Revisiting Graph Neural Networks for Graph-level Tasks: Taxonomy, Empirical Study, and Future Directions

arXiv:2501.00773v2 Announce Type: replace-cross
Abstract: Graphs are fundamental data structures for modeling complex interactions in domains such as social networks, molecular structures, and biological systems. Graph-level tasks, which involve predicting properties or labels for entire graphs, are crucial for applications like molecular property prediction and subgraph counting. While Graph Neural Networks (GNNs) have shown significant promise for these tasks, their evaluations are often limited by narrow datasets, task coverage, and inconsistent experimental setups, hindering their generalizability. In this paper, we present a comprehensive experimental study of GNNs on graph-level tasks, systematically categorizing them into five types: node-based, hierarchical pooling-based, subgraph-based, graph learning-based, and self-supervised learning-based GNNs. To address these challenges, we propose a unified evaluation framework OpenGLT for graph-level GNNs.
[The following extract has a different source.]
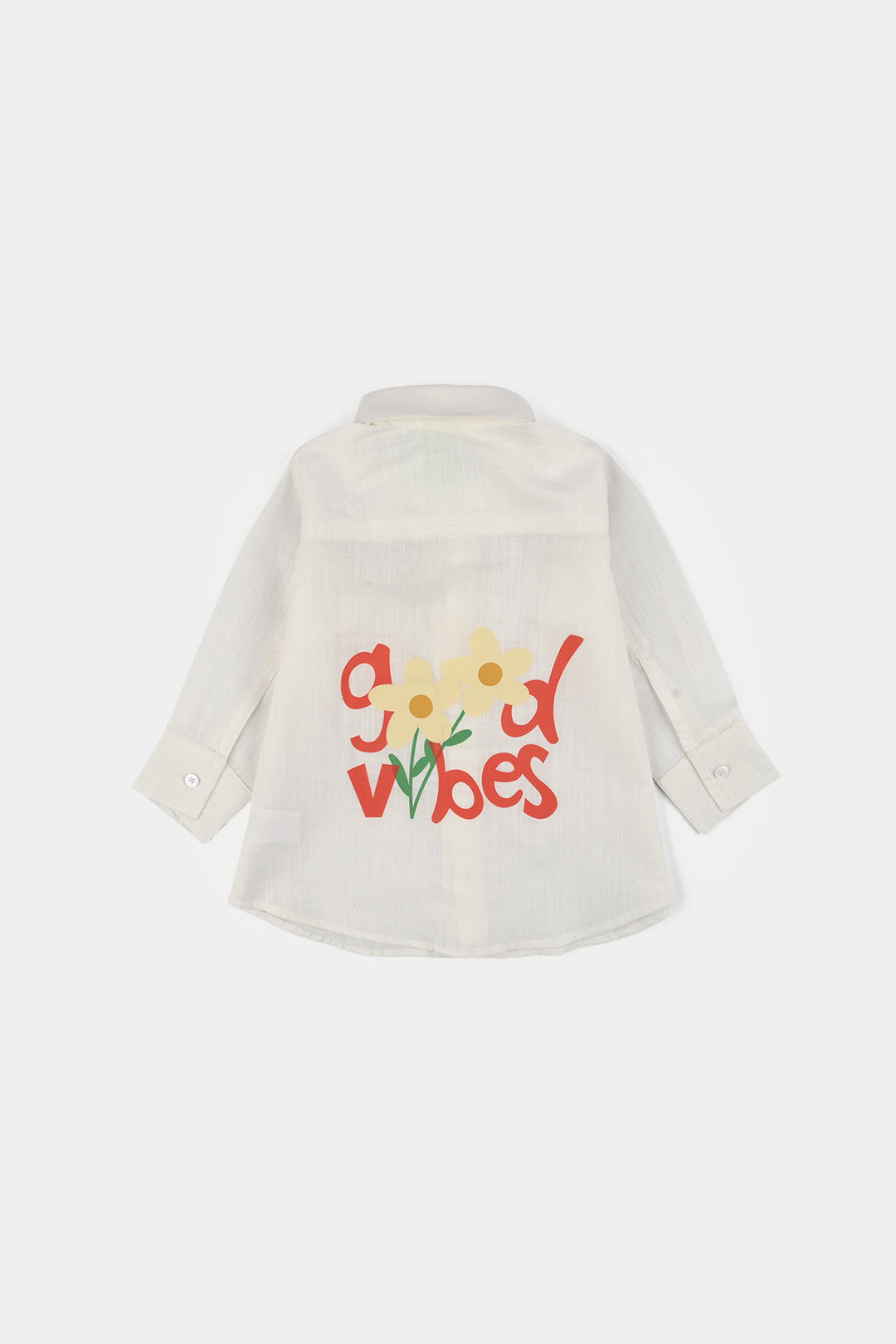 Infant Girls Raw Silk Casual Top (Good Vibes) - White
OpenGLT standardizes the evaluation process across diverse datasets, multiple graph tasks (e.g., classification and regression), and real-world scenarios, including noisy, imbalanced, and few-shot graphs. Extensive experiments are conducted on 16 baseline models across five categories, evaluated on 13 graph classification and 13 graph regression datasets. These experiments provide comprehensive insights into the strengths and weaknesses of existing GNN architectures.